Set down exactly the lines from the one containing "Pakistani rupeePakistani Rupee" through the last line of the records below, both included, and nothing else.
-=-=-
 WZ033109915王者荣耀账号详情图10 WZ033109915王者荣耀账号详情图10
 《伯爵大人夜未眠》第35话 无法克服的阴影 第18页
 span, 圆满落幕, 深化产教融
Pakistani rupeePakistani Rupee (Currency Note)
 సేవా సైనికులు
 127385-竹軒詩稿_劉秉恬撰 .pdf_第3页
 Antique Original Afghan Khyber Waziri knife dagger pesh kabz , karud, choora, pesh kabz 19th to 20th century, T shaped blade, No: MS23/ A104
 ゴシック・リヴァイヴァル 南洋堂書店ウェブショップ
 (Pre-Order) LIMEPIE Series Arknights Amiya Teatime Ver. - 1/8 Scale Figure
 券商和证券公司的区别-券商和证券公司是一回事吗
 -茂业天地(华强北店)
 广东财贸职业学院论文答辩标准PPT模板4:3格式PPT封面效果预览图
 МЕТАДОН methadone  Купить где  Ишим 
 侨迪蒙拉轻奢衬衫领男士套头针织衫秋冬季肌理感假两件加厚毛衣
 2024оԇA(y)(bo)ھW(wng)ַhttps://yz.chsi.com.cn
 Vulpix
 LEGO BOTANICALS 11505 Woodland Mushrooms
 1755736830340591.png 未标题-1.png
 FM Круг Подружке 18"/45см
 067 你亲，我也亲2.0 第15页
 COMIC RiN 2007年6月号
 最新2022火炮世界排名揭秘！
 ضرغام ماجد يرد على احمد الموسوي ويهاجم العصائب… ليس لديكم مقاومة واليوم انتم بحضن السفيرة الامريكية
-=-=-
**SOLUTION BELOW**
Pakistani rupeePakistani Rupee (Currency Note)
 సేవా సైనికులు
 127385-竹軒詩稿_劉秉恬撰 .pdf_第3页
 Antique Original Afghan Khyber Waziri knife dagger pesh kabz , karud, choora, pesh kabz 19th to 20th century, T shaped blade, No: MS23/ A104
 ゴシック・リヴァイヴァル 南洋堂書店ウェブショップ
 (Pre-Order) LIMEPIE Series Arknights Amiya Teatime Ver. - 1/8 Scale Figure
 券商和证券公司的区别-券商和证券公司是一回事吗
 -茂业天地(华强北店)
 广东财贸职业学院论文答辩标准PPT模板4:3格式PPT封面效果预览图
 МЕТАДОН methadone  Купить где  Ишим 
 侨迪蒙拉轻奢衬衫领男士套头针织衫秋冬季肌理感假两件加厚毛衣
 2024оԇA(y)(bo)ھW(wng)ַhttps://yz.chsi.com.cn
 Vulpix
 LEGO BOTANICALS 11505 Woodland Mushrooms
 1755736830340591.png 未标题-1.png
 FM Круг Подружке 18"/45см
 067 你亲，我也亲2.0 第15页
 COMIC RiN 2007年6月号
 最新2022火炮世界排名揭秘！
 ضرغام ماجد يرد على احمد الموسوي ويهاجم العصائب… ليس لديكم مقاومة واليوم انتم بحضن السفيرة الامريكية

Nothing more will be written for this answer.